キンキラキンに輝くステージに立って、大勢のファンに見守られ、自分の代表曲を歌いながら涙する・・・それがわたしのゴールだった。何度も何度もイメージした。歌ってるわたしを見るみんな(ファン)、眩いほどのスポットライト、マイクを持つ手、白いオーバーオール、横でキーボードを弾くTK・・・・・・。いやそれ完全に安室ちゃん。安室ちゃんが東京ドームでSWEET 19 BLUES歌ったときのやつ。
わたし、安室ちゃんになりたかった!(泣)
そう、今思えば、わたしは『歌手』になりたかったんじゃなくて、『安室ちゃん』になりたかったんだと思う。だから「歌うことがなによりも好き!」とか「歌で気持ちを届けたい!」とかは全くなかった。
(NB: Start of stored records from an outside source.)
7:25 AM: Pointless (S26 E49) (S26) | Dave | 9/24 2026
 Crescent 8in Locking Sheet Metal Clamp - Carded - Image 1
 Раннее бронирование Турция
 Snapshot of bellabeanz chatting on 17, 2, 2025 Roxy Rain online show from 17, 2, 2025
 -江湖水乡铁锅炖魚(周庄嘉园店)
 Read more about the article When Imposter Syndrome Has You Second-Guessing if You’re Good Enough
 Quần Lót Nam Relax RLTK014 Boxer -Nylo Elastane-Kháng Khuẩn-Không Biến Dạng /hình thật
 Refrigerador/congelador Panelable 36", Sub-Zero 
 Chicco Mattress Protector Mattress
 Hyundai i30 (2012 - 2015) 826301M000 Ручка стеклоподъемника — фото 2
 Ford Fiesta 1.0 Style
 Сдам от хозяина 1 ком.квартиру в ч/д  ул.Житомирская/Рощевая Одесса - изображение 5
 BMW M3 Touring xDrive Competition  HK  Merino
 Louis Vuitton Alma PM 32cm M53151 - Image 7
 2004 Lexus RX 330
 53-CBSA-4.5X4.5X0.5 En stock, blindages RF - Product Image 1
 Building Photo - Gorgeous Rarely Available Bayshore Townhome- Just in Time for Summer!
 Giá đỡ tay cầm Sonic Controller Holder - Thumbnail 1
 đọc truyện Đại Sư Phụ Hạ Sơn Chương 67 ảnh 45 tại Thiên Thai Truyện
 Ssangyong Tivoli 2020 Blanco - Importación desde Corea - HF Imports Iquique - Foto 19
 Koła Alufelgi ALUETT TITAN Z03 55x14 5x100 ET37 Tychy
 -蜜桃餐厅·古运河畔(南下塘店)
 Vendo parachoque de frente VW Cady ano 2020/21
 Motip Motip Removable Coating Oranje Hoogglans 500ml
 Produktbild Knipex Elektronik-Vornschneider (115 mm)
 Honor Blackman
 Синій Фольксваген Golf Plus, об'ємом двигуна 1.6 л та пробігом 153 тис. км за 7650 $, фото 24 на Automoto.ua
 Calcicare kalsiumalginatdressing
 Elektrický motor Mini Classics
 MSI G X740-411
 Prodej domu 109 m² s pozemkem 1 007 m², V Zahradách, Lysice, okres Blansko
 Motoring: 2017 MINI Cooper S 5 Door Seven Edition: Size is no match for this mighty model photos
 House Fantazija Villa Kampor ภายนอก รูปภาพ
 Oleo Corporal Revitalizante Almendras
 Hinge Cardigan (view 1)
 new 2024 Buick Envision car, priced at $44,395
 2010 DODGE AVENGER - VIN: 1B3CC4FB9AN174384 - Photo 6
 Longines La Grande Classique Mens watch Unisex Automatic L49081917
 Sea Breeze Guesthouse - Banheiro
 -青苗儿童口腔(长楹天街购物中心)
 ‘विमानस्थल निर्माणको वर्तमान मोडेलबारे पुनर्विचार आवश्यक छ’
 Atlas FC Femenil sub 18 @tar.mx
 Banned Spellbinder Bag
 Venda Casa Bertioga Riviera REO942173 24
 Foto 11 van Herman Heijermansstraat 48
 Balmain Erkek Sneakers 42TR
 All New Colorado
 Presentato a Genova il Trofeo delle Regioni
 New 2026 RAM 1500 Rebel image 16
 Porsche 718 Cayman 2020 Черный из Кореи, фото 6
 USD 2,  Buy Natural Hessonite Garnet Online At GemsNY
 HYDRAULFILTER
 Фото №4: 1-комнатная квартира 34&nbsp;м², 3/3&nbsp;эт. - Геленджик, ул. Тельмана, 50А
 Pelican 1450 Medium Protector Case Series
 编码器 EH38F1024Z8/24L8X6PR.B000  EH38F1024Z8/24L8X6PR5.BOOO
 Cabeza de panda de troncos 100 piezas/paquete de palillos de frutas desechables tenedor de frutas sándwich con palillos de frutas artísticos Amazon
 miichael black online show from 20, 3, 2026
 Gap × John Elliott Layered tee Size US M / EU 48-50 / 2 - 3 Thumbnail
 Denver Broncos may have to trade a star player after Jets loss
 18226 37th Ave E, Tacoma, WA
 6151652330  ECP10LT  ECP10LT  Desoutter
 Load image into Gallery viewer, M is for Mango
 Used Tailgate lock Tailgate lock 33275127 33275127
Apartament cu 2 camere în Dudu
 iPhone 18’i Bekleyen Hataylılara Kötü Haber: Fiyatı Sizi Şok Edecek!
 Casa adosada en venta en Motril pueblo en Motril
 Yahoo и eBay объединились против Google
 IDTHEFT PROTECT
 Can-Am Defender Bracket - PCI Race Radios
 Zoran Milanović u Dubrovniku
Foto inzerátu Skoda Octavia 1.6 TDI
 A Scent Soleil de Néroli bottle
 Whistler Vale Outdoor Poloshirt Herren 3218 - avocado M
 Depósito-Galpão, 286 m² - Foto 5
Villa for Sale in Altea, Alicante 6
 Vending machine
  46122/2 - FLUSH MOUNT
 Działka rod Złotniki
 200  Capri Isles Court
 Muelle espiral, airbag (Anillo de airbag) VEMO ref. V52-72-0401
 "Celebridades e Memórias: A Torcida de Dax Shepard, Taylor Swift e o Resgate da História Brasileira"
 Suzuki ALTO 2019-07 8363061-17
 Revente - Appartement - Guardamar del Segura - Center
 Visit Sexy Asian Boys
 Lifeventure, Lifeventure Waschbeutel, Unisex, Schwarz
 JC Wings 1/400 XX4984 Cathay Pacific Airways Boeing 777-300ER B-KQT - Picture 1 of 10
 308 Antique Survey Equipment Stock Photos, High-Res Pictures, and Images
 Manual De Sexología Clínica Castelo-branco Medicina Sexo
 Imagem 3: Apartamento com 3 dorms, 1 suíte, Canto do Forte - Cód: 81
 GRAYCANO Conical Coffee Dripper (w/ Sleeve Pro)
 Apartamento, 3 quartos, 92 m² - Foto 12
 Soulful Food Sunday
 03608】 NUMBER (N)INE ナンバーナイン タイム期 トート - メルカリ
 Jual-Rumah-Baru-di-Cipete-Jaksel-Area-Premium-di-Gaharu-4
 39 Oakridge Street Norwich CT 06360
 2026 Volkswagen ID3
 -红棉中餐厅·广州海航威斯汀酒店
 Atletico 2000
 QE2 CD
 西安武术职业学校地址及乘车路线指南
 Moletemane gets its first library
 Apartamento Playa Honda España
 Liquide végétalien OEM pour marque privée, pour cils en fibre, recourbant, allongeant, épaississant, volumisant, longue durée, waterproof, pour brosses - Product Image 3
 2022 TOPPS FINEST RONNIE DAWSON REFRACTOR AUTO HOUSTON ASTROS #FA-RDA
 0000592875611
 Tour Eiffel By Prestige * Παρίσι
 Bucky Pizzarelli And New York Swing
歌を本格的に習うことやオーディションを受けることもなければ、自分で曲を作ることもなかった。ただテレビに出たりインタビューを受けたりしたかった。みんなに好かれる人気者になりたかった。世の中の女たちから憧れられたかった。
今ならわかる。そりゃ夢のままで終わるわ!思春期あるあるだろうよ。平凡な日常に生きている自分を受け入れたくなくて、「その他大勢」から抜け出して、「特別な人」になりたいだけだった。
しかしこの思春期あるあるは、今でこそ「そりゃそうだ」と思えるけど、受け入れるまでにけっこうな時間がかかった。ユラユラ揺れ動く自尊心をもつティーンエイジャーには、いつか歌手になるという夢が、心の支えになっている部分があったから。
教室に行けば、知らない話題で盛り上がってるクラスメイト。かわいいあの子を気にしている男の子たち。鳴らないわたしの携帯電話。「その他大勢」の特別じゃない自分を思い知る。悲しい。悔しい。いつか夢を叶えて見返すから、みんなが気になって仕方がない、そんな存在になるから、それまでのしんぼうだよ・・・
他人の目をめちゃくちゃ気にする性格も相まって、当時はずっとしんどくて、いつも焦燥感を抱えていた。早く叶えなくちゃ、一歩先に行かなきゃ、何かしなくちゃ、何かしなくちゃ、夢を叶えるための行動を。そのためならなんでも犠牲にできるのに!と。
切り拓いた道=Social Path
その当時の感情が、見事にフラッシュバック!
Stray Kidsの曲って、ほんとに「彷徨ってる」人たちに「その気持ちわかるよ、ぼくも同じだよ」ってメッセージをなげる曲が多い。この曲もそう。だから、聞いたとき思わず16才の自分が人格として出てきそうになったもんね(え?)そのくらいストレートな曲だ。かっこいい。
わたしも燃えカスになるまで精一杯燃やしたかったな。情熱を。
とりあえずまだ生きてる
正直に言うと、夢を叶えられなかった自分を、どう好きになればいいのじゃ?と本気で悩んだことがある。何のためにわしは存在しているのじゃ?何のために生きるのじゃ?こんなわしに何ができるというのじゃ?もういいかげん消えたいのじゃが???と自分を責め立ててダメダメダメダメとばってんを貼る日々が、あった。というか、今もわりとそんな毎日である。
だけど、少しずつ変わってきてはいる。考え方を再インストールしているところ。それはまわりの人たちだったり、新たに出会った人たちだったり、仕事だったり、本だったり、病気だったり、と、いろいろな経験を通して自分と向き合えたからなのかなと思う。わたし、ダメじゃないかも…って思い始めてる。へへへ(笑うな)
「夢を叶えられなかった」という経験をしたから、知ることができた感情があるよ。それは、価値があるよね。夢を見た意味もある。その分やさしくなれる(はずだ)から。
さて、今後、新しい情熱の火は灯るのか。
大きさや形は変わっても、灯す勇気はまだ失ってないと信じたい。